Madame la présidente, madame la ministre, mes chers collègues, à quoi sert la mission « Santé » ?
Certainement pas à donner le cap et à financer la politique publique du même nom ! En effet, dans notre pays, la santé est très largement financée par l’assurance maladie.
Par ailleurs, les orientations sont données par le ministère de la santé, dont les directions sont financées par le programme support de la mission « Solidarités, insertion et égalité des chances » que nous venons d’examiner.
Enfin, ces orientations sont exécutées par le système des agences sanitaires qui, au fil des débudgétisations, ne sont plus financées que de façon résiduelle par la mission « Santé ». Seuls l’INCa, l’Oniam ou encore la part du financement de l’Anses qui revient au ministère de la santé ont résisté à ce mouvement de transfert vers l’assurance maladie.
La Haute Autorité de santé, l’Agence nationale de sécurité du médicament et des produits de santé ou encore l’Agence nationale de santé publique sont désormais financées à 100 % par la sécurité sociale.
Le bilan de ce qui était au départ une simplification, par le décroisement des dotations, et une garantie pour les gestionnaires, lesquels avaient l’assurance que leur dotation échapperait à la régulation budgétaire, est bien négatif.

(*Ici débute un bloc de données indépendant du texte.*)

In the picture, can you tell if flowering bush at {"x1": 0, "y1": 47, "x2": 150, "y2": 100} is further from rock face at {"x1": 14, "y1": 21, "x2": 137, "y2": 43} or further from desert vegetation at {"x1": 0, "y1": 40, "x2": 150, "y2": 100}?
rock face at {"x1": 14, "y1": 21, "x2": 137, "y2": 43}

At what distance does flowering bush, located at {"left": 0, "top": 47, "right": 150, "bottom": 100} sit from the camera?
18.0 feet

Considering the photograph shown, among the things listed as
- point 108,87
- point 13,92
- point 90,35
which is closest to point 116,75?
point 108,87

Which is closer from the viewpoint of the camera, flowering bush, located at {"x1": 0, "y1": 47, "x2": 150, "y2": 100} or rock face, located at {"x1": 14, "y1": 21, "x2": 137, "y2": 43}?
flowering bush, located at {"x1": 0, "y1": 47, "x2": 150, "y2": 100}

Pour les parlementaires et les citoyens, c’est l’opacité de la boîte noire de l’Ondam, quand ce n’est pas, comme pour Santé publique France, un détournement complet du principe de l’autorisation budgétaire, qui permet de dépenser plusieurs milliards d’euros sans en rendre compte tout en en faisant partiellement retour au budget de l’État. On comprend que cette souplesse soit appréciée, mais elle ne nous semble pas admissible.

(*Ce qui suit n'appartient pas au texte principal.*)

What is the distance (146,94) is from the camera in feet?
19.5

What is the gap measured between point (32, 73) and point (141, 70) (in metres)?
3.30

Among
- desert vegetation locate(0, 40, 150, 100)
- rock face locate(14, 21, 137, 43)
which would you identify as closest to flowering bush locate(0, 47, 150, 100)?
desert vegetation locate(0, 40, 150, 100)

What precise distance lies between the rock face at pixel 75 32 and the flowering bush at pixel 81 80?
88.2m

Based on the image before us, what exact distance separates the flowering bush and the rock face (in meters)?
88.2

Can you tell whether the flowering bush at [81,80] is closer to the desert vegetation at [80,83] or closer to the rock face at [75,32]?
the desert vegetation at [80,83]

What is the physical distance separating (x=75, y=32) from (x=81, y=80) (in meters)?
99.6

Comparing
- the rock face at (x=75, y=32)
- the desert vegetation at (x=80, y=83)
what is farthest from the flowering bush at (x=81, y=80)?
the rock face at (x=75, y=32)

De surcroît, le changement de financeur n’est pas neutre pour les agences : un gestionnaire me faisait récemment part de sa difficulté à négocier ses effectifs avec Bercy et le reste avec la Caisse nationale de l’assurance maladie (Cnam), sans que le résultat final tienne forcément compte des différents engagements pris. La programmation des stocks d’équipements de protection ou de vaccins n’est pas l’affaire de l’assurance maladie, et c’est normal.
La mission « Santé » est donc devenue la mission de l’aide médicale de l’État. Il est tout à fait légitime de s’intéresser à ce dispositif, qui mobilise des moyens considérables, mais il ne saurait constituer à lui seul une politique de santé. Ce ne sont pas quelques actions de prévention sanitaire dispersées qui viennent infirmer ce constat.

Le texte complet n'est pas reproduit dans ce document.